#### Exercise instructions:
Reproduce the data that follows character for character, but omit its pictures.

#### Provided information:
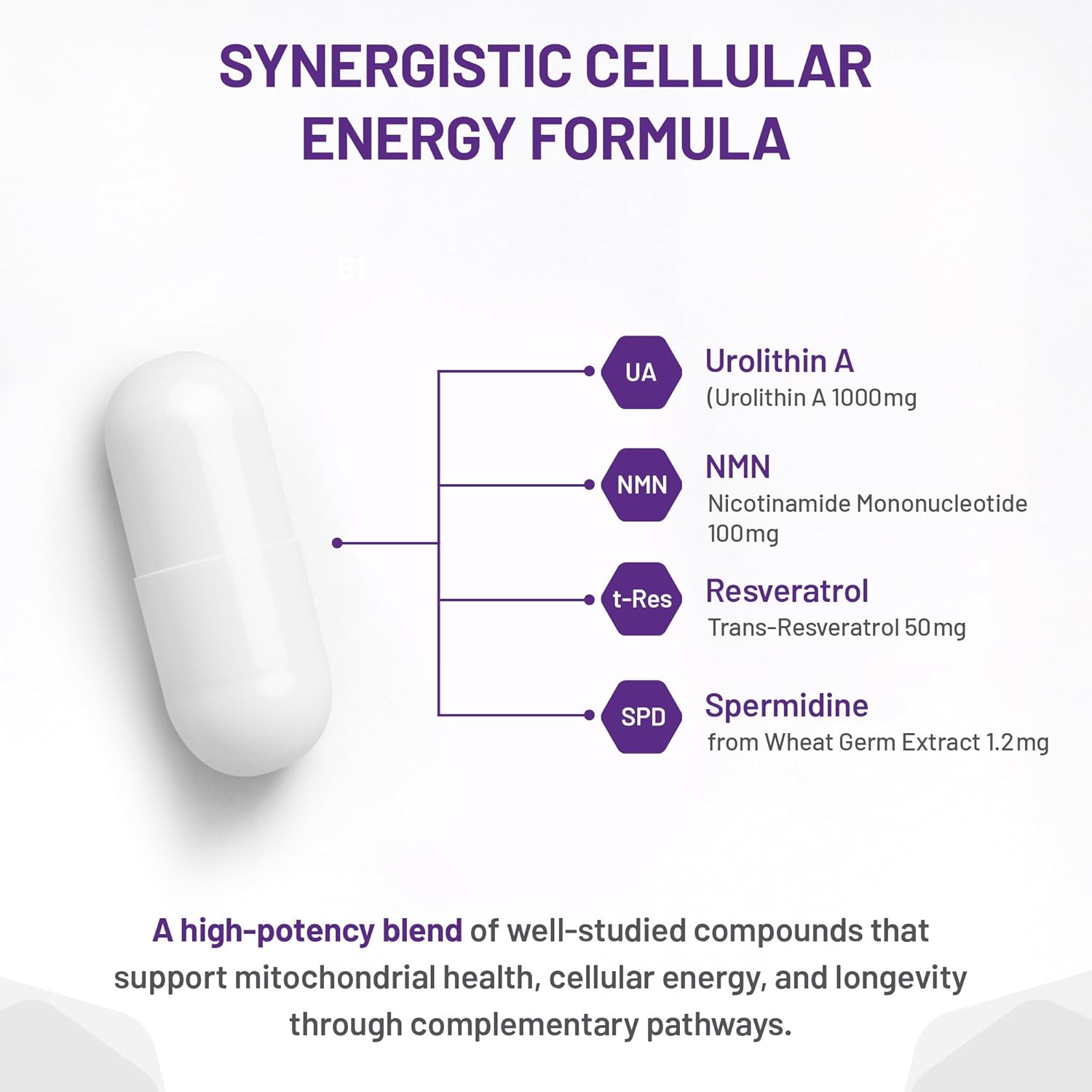 Synergistic cellular energy formula with ingredients and their quantities on a white background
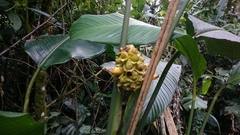 Goeppertia macrosepala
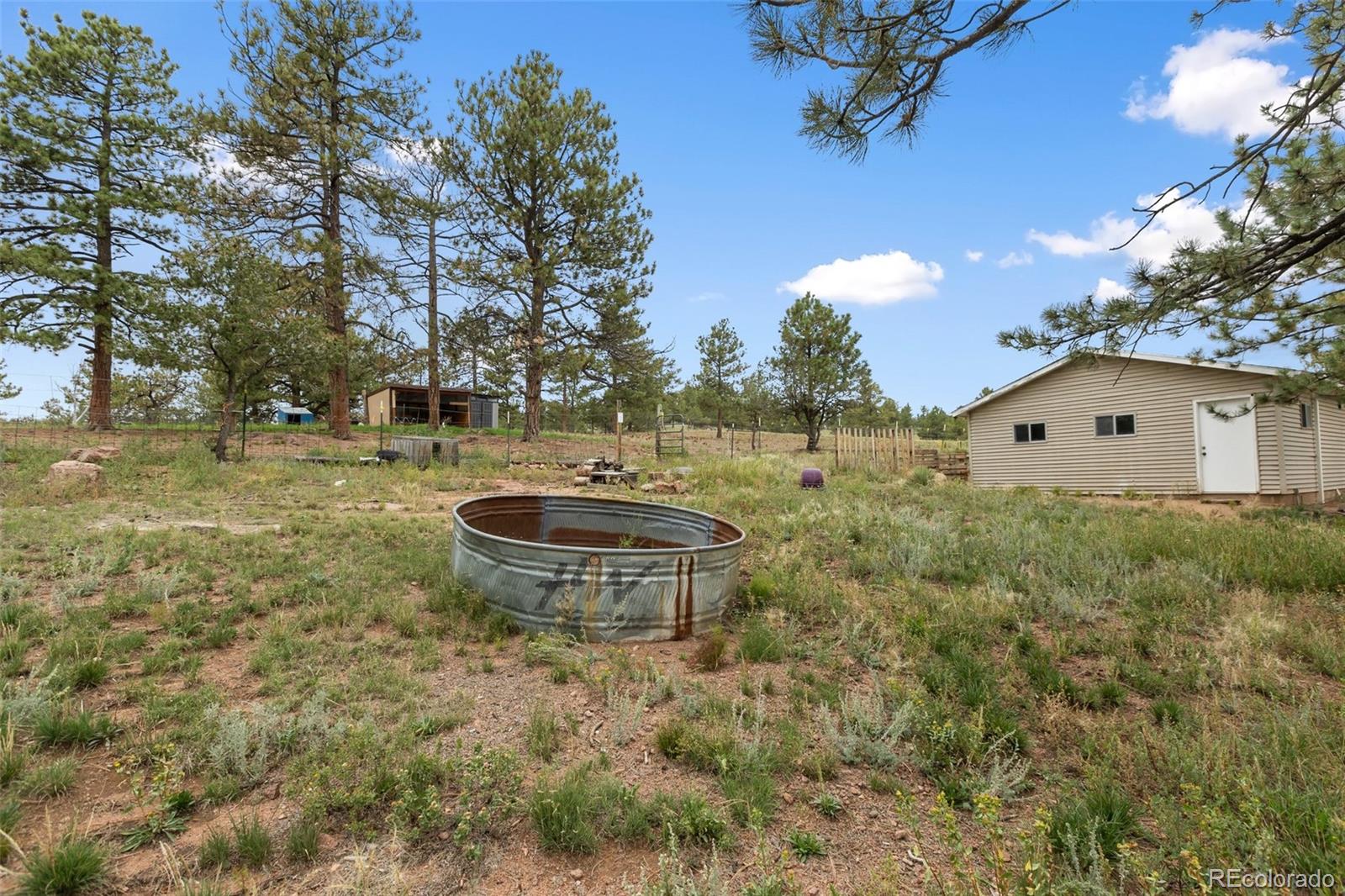 MLS Image #6 for 1703  arapahoe drive,florissant, Colorado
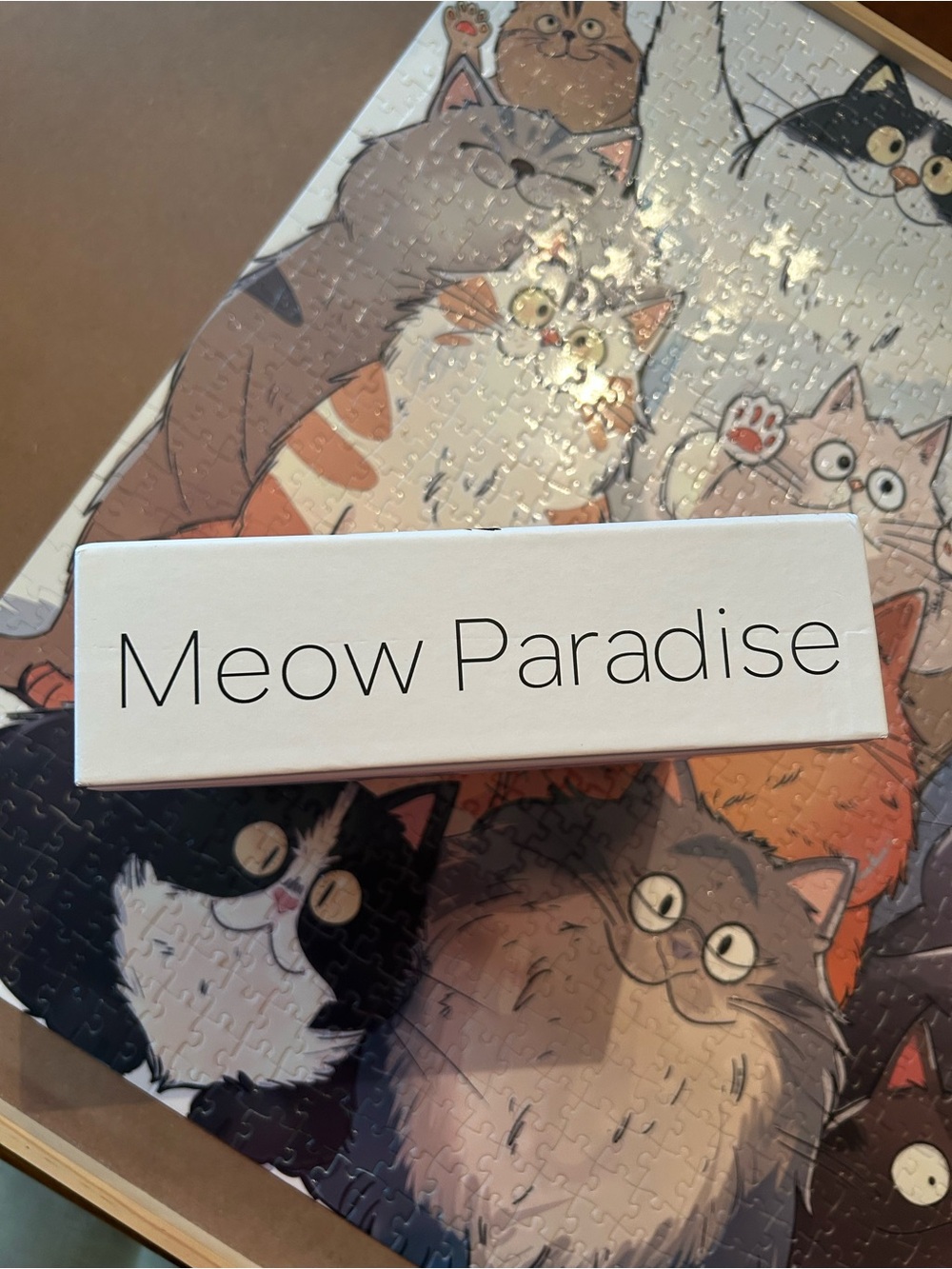 Colorful Cat Crew Puzzle - Multicolored - Picture 3 of 8
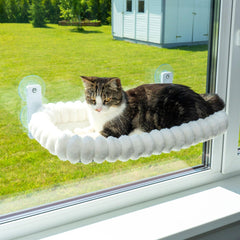 PAWRUSH cat window perch with four suction cups for secure lounging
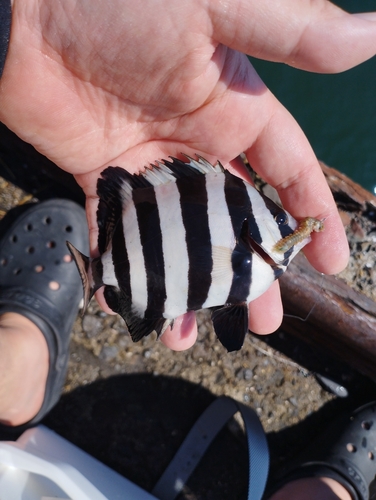 イシダイの釣果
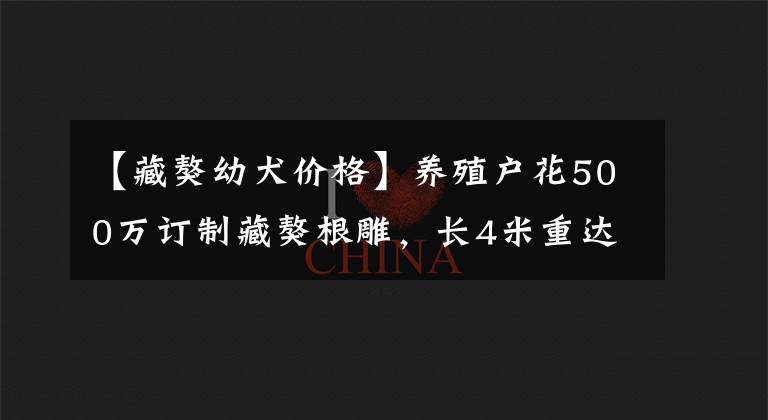 【藏獒幼犬价格】养殖户花500万订制藏獒根雕,长4米重达3吨,如今“烂”成废柴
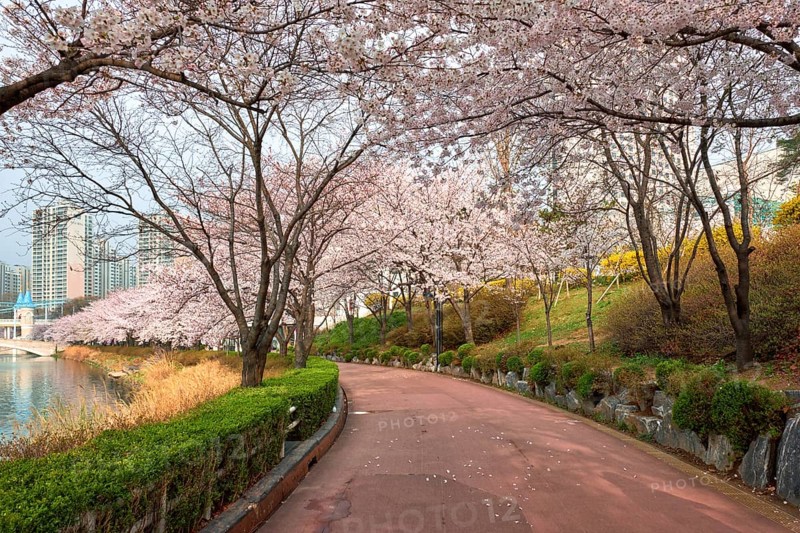 Blooming sakura cherry blossom alley in park in spring, Seokchon lake park, Seoul, South Korea, Asia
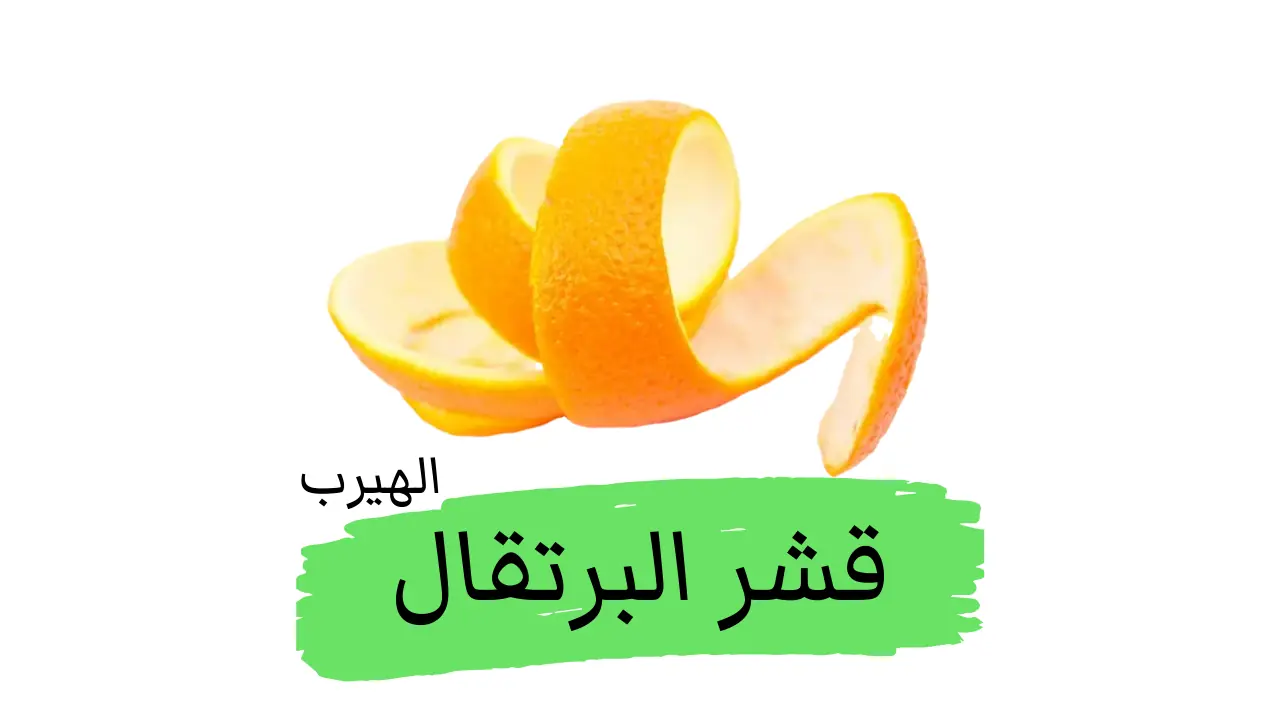 Orange Peels فوائد وأضرار قشر البرتقال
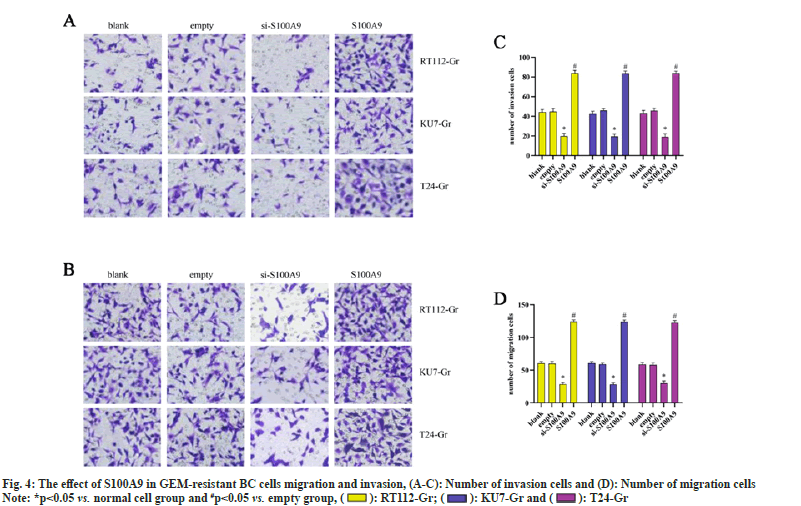 IJPS-cells-migration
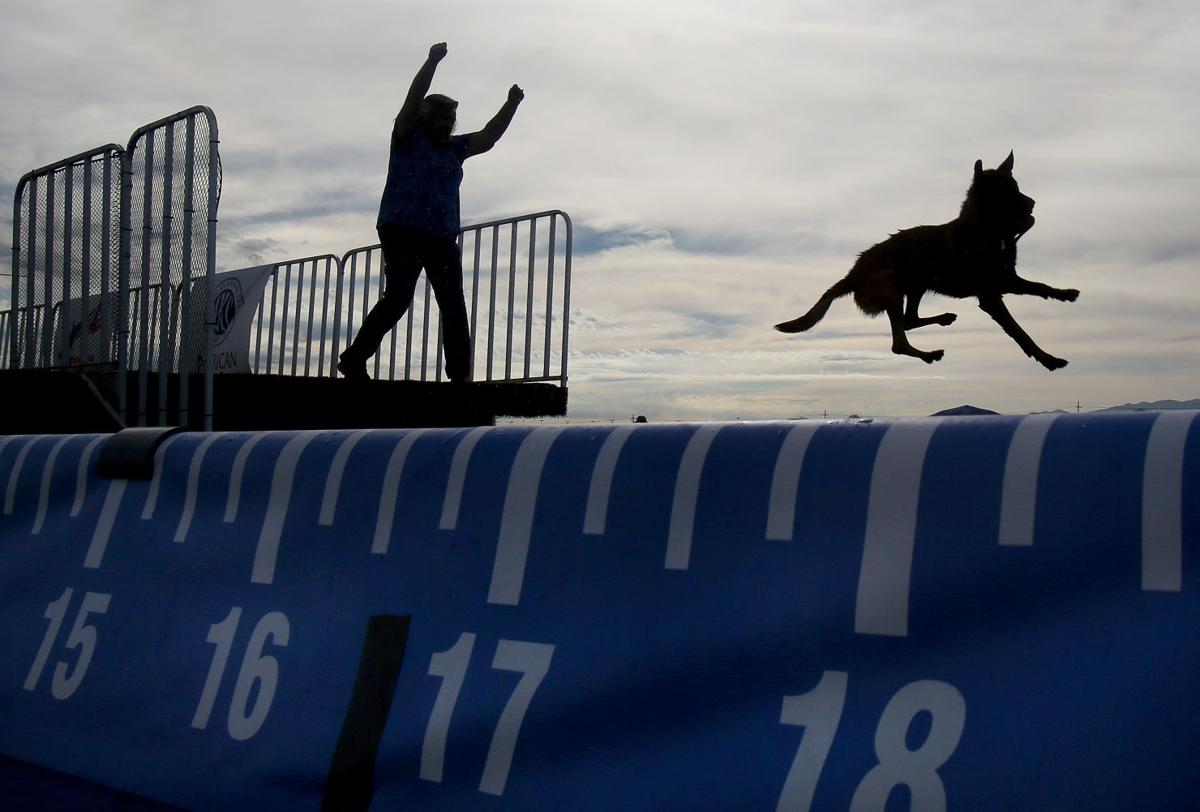 Photos Dock diving dogs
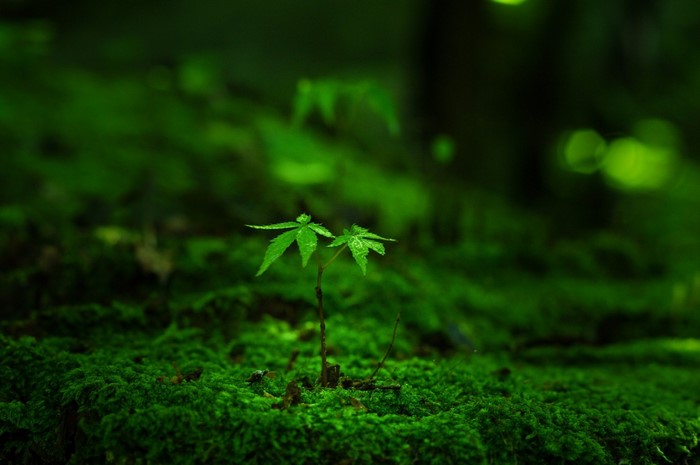 Tiny plant growing in mossy forest floor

#### Result below:
 Synergistic cellular energy formula with ingredients and their quantities on a white background
 Goeppertia macrosepala
 MLS Image #6 for 1703  arapahoe drive,florissant, Colorado
 Colorful Cat Crew Puzzle - Multicolored - Picture 3 of 8
 PAWRUSH cat window perch with four suction cups for secure lounging
 イシダイの釣果
 【藏獒幼犬价格】养殖户花500万订制藏獒根雕,长4米重达3吨,如今“烂”成废柴
 Blooming sakura cherry blossom alley in park in spring, Seokchon lake park, Seoul, South Korea, Asia
 Orange Peels فوائد وأضرار قشر البرتقال
 IJPS-cells-migration
 Photos Dock diving dogs
 Tiny plant growing in mossy forest floor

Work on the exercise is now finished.